Television watchers and film-goers in the post-war era were used to celebrity fetishism, and while the locations featured in the show were likely out of most Americans’ price-range as far as travel expenses go, Thomas never seems condescending when discussing these exotic places. Even the celebrities themselves are very humble about their travels, and very inclusive; at the end of the show one feels hopeful about going to these places rather than othered and excluded from them. In fact, Thomas ends the first episode by saying “There are two kinds of Americans: Those who are taking a trip, and those who are planning one.”

The Rise of Realism

Edward Dmytryk makes the case for realism on Traveling Stars

This post-war optimism typifies the era; anything was possible, even a trip to far-off Japan. Thomas succeeds in bringing not only Hollywood, but also the entire world, into the living rooms of those watching. It is likely that many of these television watchers had never seen such candid footage of these foreign places. Dmytryk points out that for years Hollywood had relied on “phony” sets to transport viewers, but that Hollywood could not “fool people anymore.” Traveling Stars, with it’s actors and directors as real people model and its amateur footage of far-off places was only helping in making realism an important Hollywood and television commodity.

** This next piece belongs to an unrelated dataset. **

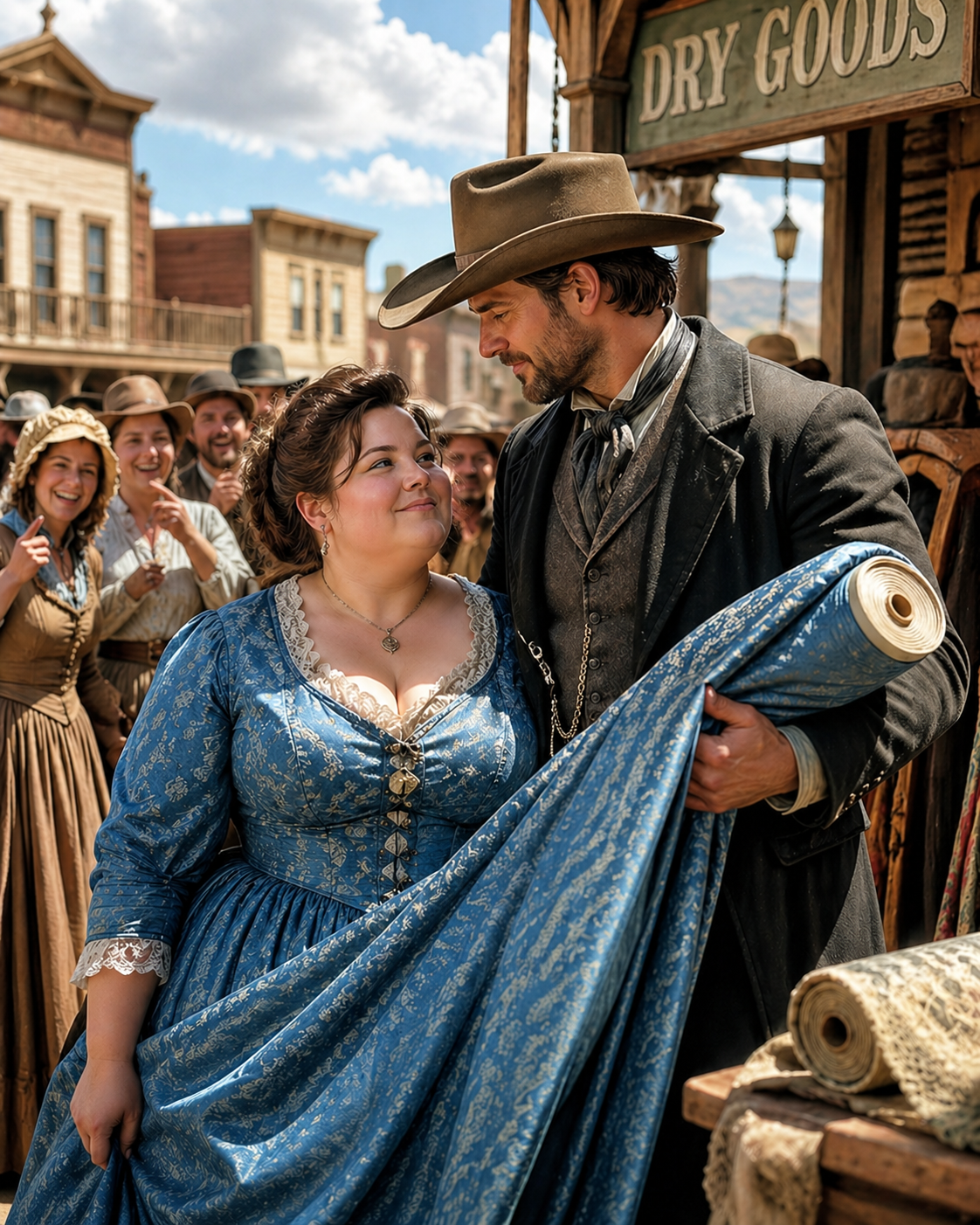 They laughed at her curtain dress. He bought the whole bolt of blue and said, “My wife prefers this shade.” Why would a man who owned everything choose her?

Dean Martin, Anna Maria Alberghetti, and Shirley Thomas say “hello” to Rome from an “airplane cabin”

Woman of Space (and Time and Travel)

Shirley Thomas completed one season of Traveling Stars and, though she  remained somewhat active in show business, received her B.A. in 1960 and, subsequently, her PhD in Communications. Between 1960 and 1968 she authored an eight volume work about astronauts entitled Men of Space, the papers for which are now held at the Lilly Library.

The cover of Shirley Thomas’s Men of Space

This ambitious work shows that, for her, traveling was more than a mundane tourist activity; in fact, it was a way to understand the world, both on earth and off of it. Despite the show propagating some 1950s female stereotypes (it was sponsored by a “diet” cookie called Duets, meant to curb your appetite — see the link above for a complete ad), both it — and Shirley Thomas’s subsequent work — instead show the presence of a strong, independent citizen of the world, working within a media which was, at the time, largely run by white men. IULFA is proud to hold these works and we hope to make it more widely available as our preservation activities continue.